Work to complete: When you respond, write out each entry exactly as it stands.

Source records:
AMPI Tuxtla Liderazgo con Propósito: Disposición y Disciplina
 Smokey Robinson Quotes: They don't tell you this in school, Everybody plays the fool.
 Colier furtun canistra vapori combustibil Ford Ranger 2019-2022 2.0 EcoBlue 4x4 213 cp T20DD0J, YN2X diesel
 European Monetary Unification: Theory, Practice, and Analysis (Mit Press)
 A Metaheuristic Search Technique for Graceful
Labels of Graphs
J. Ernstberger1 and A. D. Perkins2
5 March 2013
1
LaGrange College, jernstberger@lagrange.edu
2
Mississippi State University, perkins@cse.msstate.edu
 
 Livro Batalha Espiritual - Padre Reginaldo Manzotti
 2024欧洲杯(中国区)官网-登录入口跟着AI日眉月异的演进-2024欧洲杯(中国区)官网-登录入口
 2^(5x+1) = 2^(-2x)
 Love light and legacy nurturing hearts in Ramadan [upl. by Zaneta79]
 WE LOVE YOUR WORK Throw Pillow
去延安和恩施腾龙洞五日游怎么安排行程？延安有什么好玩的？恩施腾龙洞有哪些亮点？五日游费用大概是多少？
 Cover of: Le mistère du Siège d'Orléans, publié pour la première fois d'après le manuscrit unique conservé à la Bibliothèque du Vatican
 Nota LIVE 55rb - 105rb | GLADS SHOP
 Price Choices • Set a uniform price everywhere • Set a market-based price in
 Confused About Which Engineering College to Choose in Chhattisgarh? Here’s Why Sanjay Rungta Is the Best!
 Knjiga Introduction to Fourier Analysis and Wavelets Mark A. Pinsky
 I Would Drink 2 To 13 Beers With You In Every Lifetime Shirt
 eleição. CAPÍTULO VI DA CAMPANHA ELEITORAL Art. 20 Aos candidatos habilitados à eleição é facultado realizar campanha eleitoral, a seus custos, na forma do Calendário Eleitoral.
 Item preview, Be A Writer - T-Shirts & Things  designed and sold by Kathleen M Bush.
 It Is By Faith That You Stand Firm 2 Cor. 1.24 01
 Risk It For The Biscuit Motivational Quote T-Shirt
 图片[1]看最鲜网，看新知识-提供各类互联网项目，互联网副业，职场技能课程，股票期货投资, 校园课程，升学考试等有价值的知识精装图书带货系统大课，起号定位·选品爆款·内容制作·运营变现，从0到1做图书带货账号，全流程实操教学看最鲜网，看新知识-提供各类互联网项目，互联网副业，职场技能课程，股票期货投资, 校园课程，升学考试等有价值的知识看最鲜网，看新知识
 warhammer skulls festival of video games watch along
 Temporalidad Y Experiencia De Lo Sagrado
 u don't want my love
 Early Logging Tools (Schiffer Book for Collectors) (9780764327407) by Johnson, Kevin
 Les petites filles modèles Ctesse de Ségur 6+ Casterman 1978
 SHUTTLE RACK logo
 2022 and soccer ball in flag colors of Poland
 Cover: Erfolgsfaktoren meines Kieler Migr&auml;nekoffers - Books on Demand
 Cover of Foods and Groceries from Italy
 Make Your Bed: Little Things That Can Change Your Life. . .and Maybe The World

Reply:
AMPI Tuxtla Liderazgo con Propósito: Disposición y Disciplina
 Smokey Robinson Quotes: They don't tell you this in school, Everybody plays the fool.
 Colier furtun canistra vapori combustibil Ford Ranger 2019-2022 2.0 EcoBlue 4x4 213 cp T20DD0J, YN2X diesel
 European Monetary Unification: Theory, Practice, and Analysis (Mit Press)
 A Metaheuristic Search Technique for Graceful
Labels of Graphs
J. Ernstberger1 and A. D. Perkins2
5 March 2013
1
LaGrange College, jernstberger@lagrange.edu
2
Mississippi State University, perkins@cse.msstate.edu
 
 Livro Batalha Espiritual - Padre Reginaldo Manzotti
 2024欧洲杯(中国区)官网-登录入口跟着AI日眉月异的演进-2024欧洲杯(中国区)官网-登录入口
 2^(5x+1) = 2^(-2x)
 Love light and legacy nurturing hearts in Ramadan [upl. by Zaneta79]
 WE LOVE YOUR WORK Throw Pillow
去延安和恩施腾龙洞五日游怎么安排行程？延安有什么好玩的？恩施腾龙洞有哪些亮点？五日游费用大概是多少？
 Cover of: Le mistère du Siège d'Orléans, publié pour la première fois d'après le manuscrit unique conservé à la Bibliothèque du Vatican
 Nota LIVE 55rb - 105rb | GLADS SHOP
 Price Choices • Set a uniform price everywhere • Set a market-based price in
 Confused About Which Engineering College to Choose in Chhattisgarh? Here’s Why Sanjay Rungta Is the Best!
 Knjiga Introduction to Fourier Analysis and Wavelets Mark A. Pinsky
 I Would Drink 2 To 13 Beers With You In Every Lifetime Shirt
 eleição. CAPÍTULO VI DA CAMPANHA ELEITORAL Art. 20 Aos candidatos habilitados à eleição é facultado realizar campanha eleitoral, a seus custos, na forma do Calendário Eleitoral.
 Item preview, Be A Writer - T-Shirts & Things  designed and sold by Kathleen M Bush.
 It Is By Faith That You Stand Firm 2 Cor. 1.24 01
 Risk It For The Biscuit Motivational Quote T-Shirt
 图片[1]看最鲜网，看新知识-提供各类互联网项目，互联网副业，职场技能课程，股票期货投资, 校园课程，升学考试等有价值的知识精装图书带货系统大课，起号定位·选品爆款·内容制作·运营变现，从0到1做图书带货账号，全流程实操教学看最鲜网，看新知识-提供各类互联网项目，互联网副业，职场技能课程，股票期货投资, 校园课程，升学考试等有价值的知识看最鲜网，看新知识
 warhammer skulls festival of video games watch along
 Temporalidad Y Experiencia De Lo Sagrado
 u don't want my love
 Early Logging Tools (Schiffer Book for Collectors) (9780764327407) by Johnson, Kevin
 Les petites filles modèles Ctesse de Ségur 6+ Casterman 1978
 SHUTTLE RACK logo
 2022 and soccer ball in flag colors of Poland
 Cover: Erfolgsfaktoren meines Kieler Migr&auml;nekoffers - Books on Demand
 Cover of Foods and Groceries from Italy
 Make Your Bed: Little Things That Can Change Your Life. . .and Maybe The World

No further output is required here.